China Telecom (Hong Kong)'s 17.22 per cent bounce since its share placement last week puts it head and shoulders above the performance of other stocks after recent fund-raising exercises.

At $5.90 yesterday, Pacific Century CyberWorks, for instance, is down 3.27 per cent since last month's placement at $6.10 a share even after a massive buy-back programme from the company.

Several initial public offerings (IPOs), in particular, have fallen flat since launching this summer.

Of four large IPOs made in the summer, only one - H share Great Wall Technology - is trading above its issue price.

Great Wall closed yesterday at $4.60 - 46.03 per cent higher than its issue price of $3.15 in August.

Shandong International Power Development is trading at $1.16 - a drop of 26.58 per cent from its issue price of $1.58 in June.

Pacific Century Insurance Holdings, at $4.15, is 33.91 per cent below its July issue price of $6.28.

Suffering the greatest are those who took a piece of the New World China Land offering in July - the stock is down 60 per cent at $3.80 from its issue price of $9.50.

Some pointed to new securities regulations that gave retail players bigger exposure to IPO distribution as adding volatility to new listings.

Under measures imposed this year, a minimum 10 per cent of an IPO must be offered to retail investors; more shares must be 'clawed back' or distributed to retail investors depending on the number of subscribers.

So, for instance, if an issue is up to 100 per cent oversubscribed, the clawback figure would increase to 50 per cent.

Pacific Century Insurance and Great Wall were 29 times and 97 times oversubscribed, respectively.
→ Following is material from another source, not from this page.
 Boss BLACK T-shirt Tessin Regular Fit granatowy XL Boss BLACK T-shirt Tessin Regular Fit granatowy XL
Thus in the later case, 40 per cent of the issue was distributed to retail investors.

'Herein lies a problem of the retail clawback,' SG Securities said in recent research. 'The idea is sound, that retail should be given the opportunity to have meaningful participation in 'hot' deals but, as a class, they are not renowned for their long-term holding qualities.
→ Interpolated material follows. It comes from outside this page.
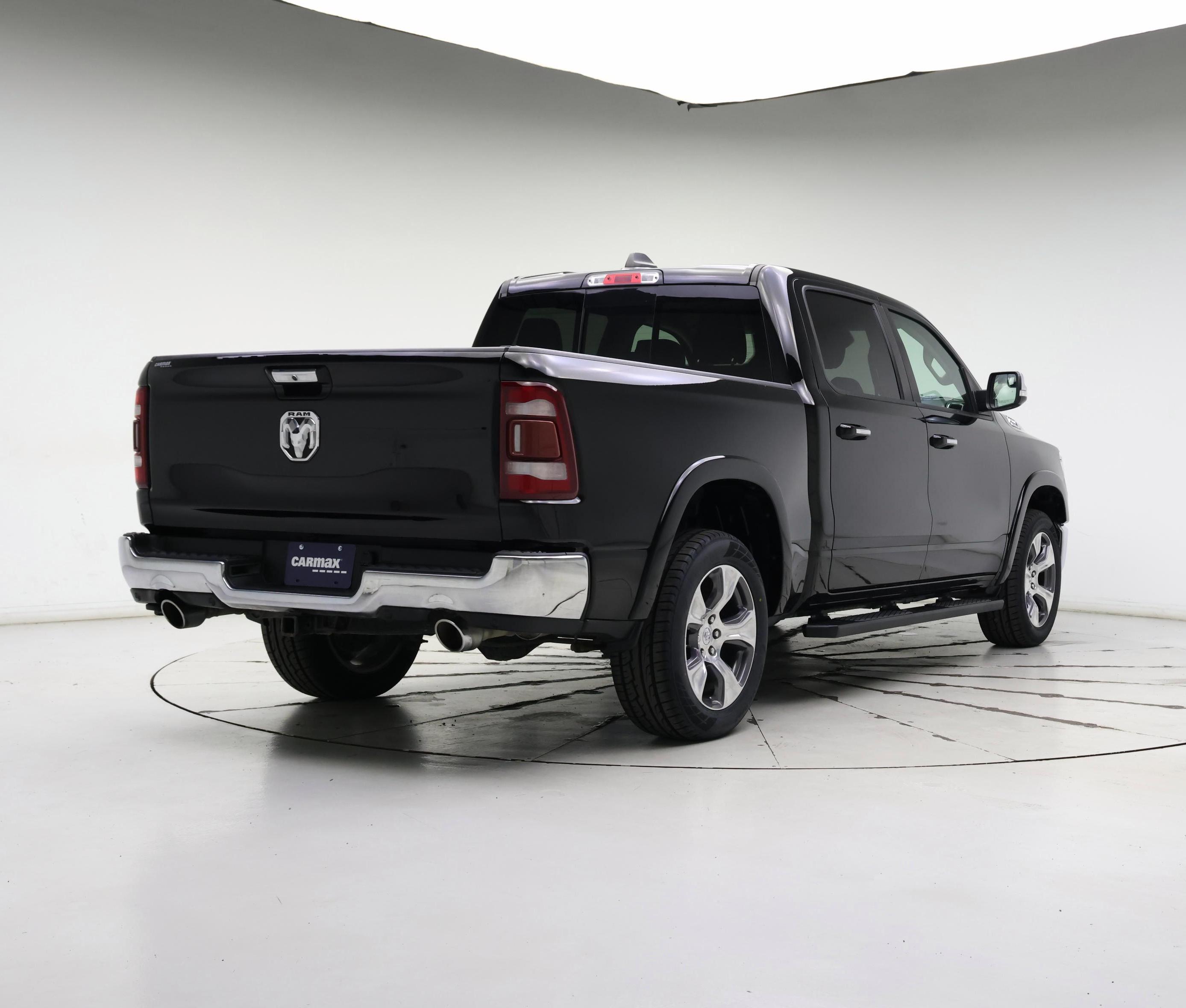 Thumbnail: 2021 RAM 1500 - 8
'If market sentiment moves between subscription and listing, then the high retail component makes selling pressure huge.' Nevertheless, the worst performers seem to be those that did not build a large book during the subscription period - explaining, perhaps, why mainland oil group CNOOC may have decided to postpone its share offering last month after a weak book-building exercise.

Shandong Power was slightly undersubscribed and less than 10 per cent of the stock went to retail investors.